Kapitel 1
1993
Stephen Armstrong hatte sich immer für einen anständigen Kerl gehalten. Die Einsicht, von einem Geheimnis zu wissen, das ihn sein Leben kosten könnte, überraschte ihn daher ziemlich. Er grübelte gerade darüber nach, als Archie Sinclair die Stimme hob, um das Radio zu übertönen.
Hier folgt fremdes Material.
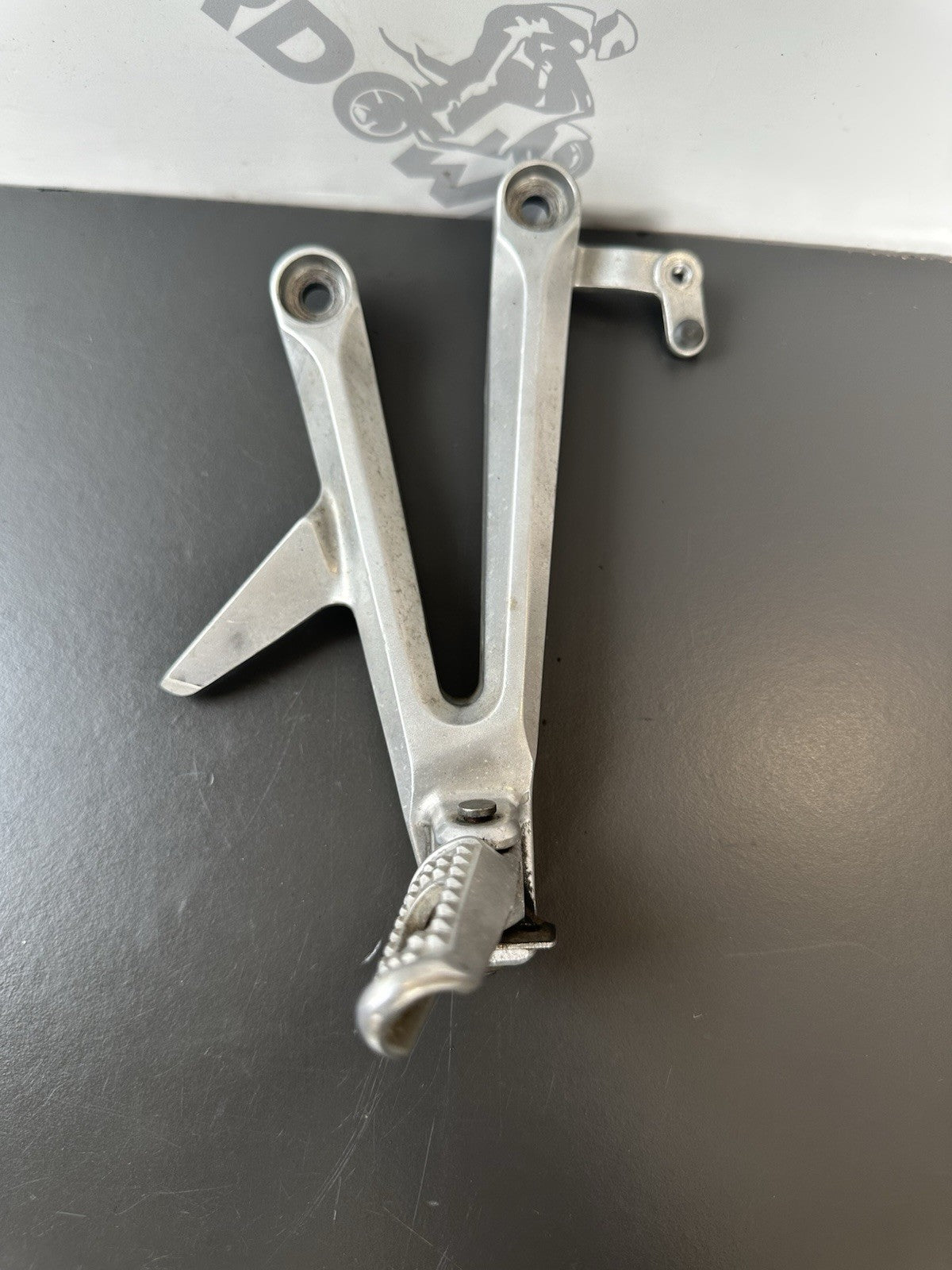 Honda CBR1000RR Fireblade right pillion footrest Right Foot Hanger 2004-2005 OEM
»Während einer Ermittlung auf einem Friedhof in West Belfast heute am späten Vormittag wurde ein als Grab getarntes Waffenlager entdeckt. Die Polizei erklärte, bei den gefundenen Waffen handele es sich unter anderem um eine abgesägte Schrotflinte, zwei Handfeuerwaffen und ein automatisches Gewehr.«
»Das war einfach grandios, als der Typ sich in Metall verwandelt hat und all das. Ich sag dir, in Zukunft wird es vor allem Comic- Verfilmungen geben.« Stephen blickte durch das Schaufenster von East-End-Video auf den vorbeiströmenden Feierabendverkehr und hinüber zum Ormeau Park auf der gegenüberliegenden Straßenseite. Es war ein schöner Nachmittag im Februar und noch immer nicht dunkel, dabei war es schon beinahe halb fünf. Schmale Lichtstreifen fielen durch die kahlen Bäume und warfen ein blassgoldenes Streifenmuster auf die Spazierwege. »Der war eindeutig besser als dieser andere Film, den du mir empfohlen hast. Ich interessiere mich eigentlich nicht für Science- Fiction, aber wenn Arnie mitspielt, kann’s eigentlich nicht schlecht sein, oder?«
»Die Polizei ermittelt im Fall einer Schießerei in einer Taxi-Firma an der unteren Newtownards Road in East Belfast, die sich heute Nachmittag ereignet hat.«
Wenn er die Augen zusammenkniff, konnte Stephen hinter den Baumwipfeln das Ashby-Hochhaus der Queen’s University an der Stranmillis Road erkennen. Er fragte sich, ob Donal vielleicht dort herumhing und in der Studenten-Cafeteria einen Espresso trank. Donal hatte gestern Abend erwähnt, er würde Maschinenbau oder etwas in der Art studieren, und Stephen hatte so eine Ahnung, dass der Fachbereich sich im Ashby-Gebäude befinden könnte. Auch wenn er noch nie in seinem Leben eine Universität betreten hatte.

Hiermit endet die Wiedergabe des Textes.